TERRORISM AND THE LAW: THE CONSTRUCTION AND APPLICATION OF LAWS AND LEGAL POLICIES IN THE UNITED KINGDOM

Lead Research Organisation: University of Leeds
Department Name: Law

Abstract

Contemporary experiences of terrorism, conjured by images of aircraft crashing into skyscrapers, suicide bombers and public spaces shrouded by barricades and cameras, have become vivid. Terrorism has become a compelling trigger for official rejoinder in policy and executive action regarding policing, security, criminal justice, community relations, and foreign affairs.

As a result, the interplay between terrorism and law has been unremitting. The legal history started well before 2001, with Irish and colonial experiences, but the Terrorism Act 2000 marked an important new phase. The Act established a unified and permanent regime and imparted a greater emphasis upon international terrorism. It has since been subject to many changes and additions, as the lived experiences of terrorism or the panics about imagined risks have driven on a ferocious pace in legal transformation. Waypoints include important court judgments, voluminous Parliamentary debates and papers, and official studies and data. Nor has the outpouring of laws been confined to the United Kingdom. Other jurisdictions, most notably the USA with its PATRIOT Act, but also Australia and Canada, have drawn upon each other's experiences to produce equally detailed codes. The international communities have likewise responded, with conventions, Security Council resolutions, European framework directives, and institutional formations such as the UN Counter Terrorism Committee.
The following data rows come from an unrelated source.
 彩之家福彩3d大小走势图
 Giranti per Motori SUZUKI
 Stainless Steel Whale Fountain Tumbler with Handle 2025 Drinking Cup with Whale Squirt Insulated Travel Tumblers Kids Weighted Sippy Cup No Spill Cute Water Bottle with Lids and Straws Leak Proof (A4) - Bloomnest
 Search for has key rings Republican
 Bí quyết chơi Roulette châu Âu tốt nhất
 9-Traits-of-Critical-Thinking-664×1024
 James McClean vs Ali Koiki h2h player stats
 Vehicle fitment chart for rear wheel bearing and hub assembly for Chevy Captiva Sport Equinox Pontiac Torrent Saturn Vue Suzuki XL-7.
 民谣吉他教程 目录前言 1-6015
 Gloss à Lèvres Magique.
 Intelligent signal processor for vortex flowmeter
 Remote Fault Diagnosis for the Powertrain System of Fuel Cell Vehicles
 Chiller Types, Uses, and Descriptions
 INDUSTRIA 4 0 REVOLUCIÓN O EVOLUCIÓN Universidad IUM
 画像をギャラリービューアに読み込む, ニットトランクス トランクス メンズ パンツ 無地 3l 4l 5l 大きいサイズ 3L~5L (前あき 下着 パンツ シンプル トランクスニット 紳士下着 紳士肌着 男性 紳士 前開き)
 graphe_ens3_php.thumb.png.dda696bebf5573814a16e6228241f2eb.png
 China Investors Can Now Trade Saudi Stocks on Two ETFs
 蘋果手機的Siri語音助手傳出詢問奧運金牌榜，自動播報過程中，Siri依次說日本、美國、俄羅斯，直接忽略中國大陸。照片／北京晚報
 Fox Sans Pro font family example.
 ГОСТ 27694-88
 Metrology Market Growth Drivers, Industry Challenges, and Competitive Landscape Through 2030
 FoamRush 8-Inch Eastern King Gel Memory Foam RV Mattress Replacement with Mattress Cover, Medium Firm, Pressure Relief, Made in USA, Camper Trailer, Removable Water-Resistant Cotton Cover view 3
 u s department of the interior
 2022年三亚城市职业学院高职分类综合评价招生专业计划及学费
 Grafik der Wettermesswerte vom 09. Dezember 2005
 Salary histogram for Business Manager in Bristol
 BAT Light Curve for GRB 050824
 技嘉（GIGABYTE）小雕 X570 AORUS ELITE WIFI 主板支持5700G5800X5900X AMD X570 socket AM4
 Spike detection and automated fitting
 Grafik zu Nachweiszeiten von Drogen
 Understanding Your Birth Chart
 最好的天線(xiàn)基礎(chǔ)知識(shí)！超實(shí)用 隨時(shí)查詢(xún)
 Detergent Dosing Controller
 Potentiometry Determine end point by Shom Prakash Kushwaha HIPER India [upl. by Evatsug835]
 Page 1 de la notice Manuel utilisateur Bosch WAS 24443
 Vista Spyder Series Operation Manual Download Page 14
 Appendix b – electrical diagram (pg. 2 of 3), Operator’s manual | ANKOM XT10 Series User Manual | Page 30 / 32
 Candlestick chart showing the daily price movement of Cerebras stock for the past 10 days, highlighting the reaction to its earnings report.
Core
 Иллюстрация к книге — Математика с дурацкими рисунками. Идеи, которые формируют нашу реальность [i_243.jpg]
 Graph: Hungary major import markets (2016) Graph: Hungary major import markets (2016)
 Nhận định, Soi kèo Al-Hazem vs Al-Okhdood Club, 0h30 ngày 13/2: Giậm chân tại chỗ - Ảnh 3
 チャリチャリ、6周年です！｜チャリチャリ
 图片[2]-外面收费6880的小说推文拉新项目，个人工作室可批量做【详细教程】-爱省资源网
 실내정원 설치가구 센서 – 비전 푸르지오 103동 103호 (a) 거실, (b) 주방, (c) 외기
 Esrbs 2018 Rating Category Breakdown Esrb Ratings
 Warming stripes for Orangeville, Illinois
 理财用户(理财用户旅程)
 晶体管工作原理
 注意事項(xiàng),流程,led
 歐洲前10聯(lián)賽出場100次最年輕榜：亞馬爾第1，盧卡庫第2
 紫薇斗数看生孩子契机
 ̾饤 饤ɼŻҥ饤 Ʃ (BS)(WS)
This project will take stock of terrorism laws affecting the United Kingdom. The time is ripe, toward the end of a decade so affected by terrorism, to provide an exposition and analysis of these legal measures, their policy backgrounds, and their significance in practice. The prime product of the project will involve research for, and the production of, a substantial book, entitled, 'Terrorism and the Law', which has been commissioned by Oxford University Press. The book will offer an impressive and original accumulation of knowledge as well as insight and understanding based upon it.

The core objective being addressed by the book will be secured through the following principal themes. There will be the accumulation of knowledge about terrorism laws. These laws are extensive, complex and detailed. Since the Terrorism Act 2000, four further major Acts have been passed, dealing with detention powers, control orders and radicalisation. It will be assessed whether it is possible to view these provisions as a permanent and coherent code, reflecting that the 21st century concept of 'normality' in criminal justice embodies increasing fragmentation and specialisation to respond peremptorily to 'special' situations of risk.

There will be reflection upon the strategies by which the law relating to terrorism has been developed. Those strategies are principally set by the Home Office CONTEST (Counter-Terrorism) Strategy.

The project will next examine how the law relating to terrorism is affected by values other than security and risk. Those influences include normative constraints, especially individual human rights. There is also the value of accountability which involves a number of tiers and mechanisms - expert inquiry, governmental oversight, and parliamentary scrutiny. Overall, the laws against terrorism are often perceived as straining legitimacy, and security and liberty must be weighed in the light of legal doctrine and practices, including claims of deference to the executive.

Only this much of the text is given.